TMG 7 runs fine on the new system, other than the oft-reported issue with generating reports to a word processor. In fact, even with a substantial Project, it's "right quick." Solutions to the reports-to-word-processor issue have been reported before: 1) Don't do them until an upgrade that works with 64-bit systems is available, 2) Keep a copy of TMG on another computer with a 32-bit system, and run reports from there, or 3) upgrade to the Professional or Ultimate versions of Windows 7, install XP Mode, and run TMG from there. If you feel inclined to get a 64-bit system, and if the first solution doesn't work for you, I'd suggest the second as the best one. But I've used the third, and will share my observations...

- First, you have to buy the Professional or Ultimate version of Win 7, which costs more than you would probably otherwise have to spend.

- You have to download and install (free) both MicroSoft's Virtual Machine software, and XP Mode itself. Since the latter is essentially a full copy of Windows XP, it's a huge file. Downloading it took hours, even with a fast connection. I suspect the issue was the capacity of MicroSoft's server.

- Once you install it, XP Mode appears on the Win 7 start menu, and opens in a window. Since you are really booting XP, it takes a while to open. But once open, you can hibernate it and it re-opens quickly.

- After you open XP Mode you install TMG or other applications just like you were using a Windows XP machine, which in essence you are.

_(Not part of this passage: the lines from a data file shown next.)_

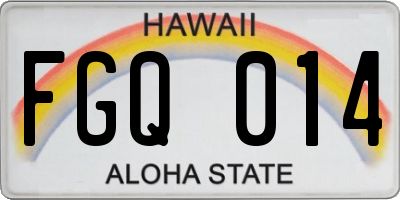 HI license plate FGQ014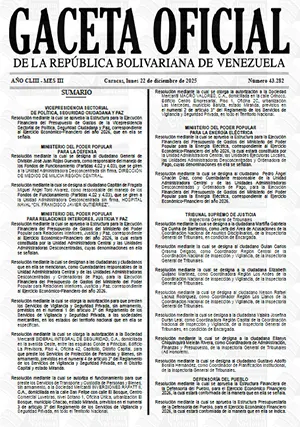 Gaceta Oficial #43282 22/12/2025 1 Gaceta Oficial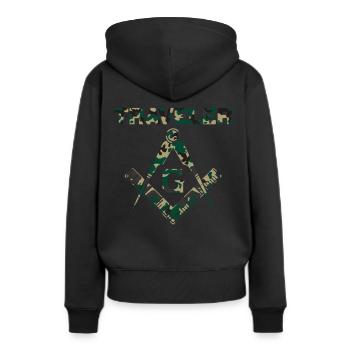 Voyageur Maçon Maçon Maçon Camo Franc-maçon - Sweat à capuche Premium bio Femme - noir - Dos - Julia (174cm)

- After you install programs in XP Mode, they appear in a folder called XP Mode Applications in the Win 7 start menu (provided they are in the "All Users" start menu in XP, a well-hidden issue - some old apps, not including TMG, and apps with no installer, don't go there automatically). You can them copy the shortcuts to the Win 7 desktop or task bar if you want.

- XP mode is a real virtual machine, and you have to manage it's security separately from Win 7. It requires it's own installation of AV, and other normal security measures, although one might think the risks are smaller if you don't run any applications that access the Internet from it. You end up getting security updates for both Win 7 and XP, so there are more of them, but you don't have to re-boot your entire computer to install the XP ones.

I installed XP Mode primarily to be able to use other old applications, not for the TMG reports issue. In fact, I installed TMG both in Win 7 and in XP mode, and expect to use the latter only for reports to a word processor. Performance in XP Mode seems impaired (I see that in some old games), so unless you can fix that by better allocation of resources (I've not tried to do that) running TMG there as your primary installation may be less than satisfactory, especially if your Project is of substantial size.

Those interested in using XP Mode for other applications may be interested in the following points:

- XP Mode creates it's own virtual C drive, and shows the drives in Win 7 as shared drives. Depending on how old the application is, it may not recognize the shared drives. Mapping them may solve that issue - I've not tried that.

- If you run XP mode apps directly from Win 7, they open directly in their own window, not in a window within the XP window. But they seem to run in a different instance of the virtual machine - and both can't run at once. If you have XP mode open (including in hibernation), or a virtual app open, you have to close that before you can open the other.

- Printers and other USB devices can be "shared" between Win 7 and XP Mode, but are not available at the same time. You control which has access from within the XP Mode window. So far as I can tell, you can't control it from a virtual app. So if your XP app needs a printer, you can't run it as a virtual app directly in Win 7, but need to open XP Mode itself and run it from there.

In short, XP Mode is a work-around, and like most of such, less than a perfect solution. I suspect I'll migrate to replacements for those old programs over time as I can find them.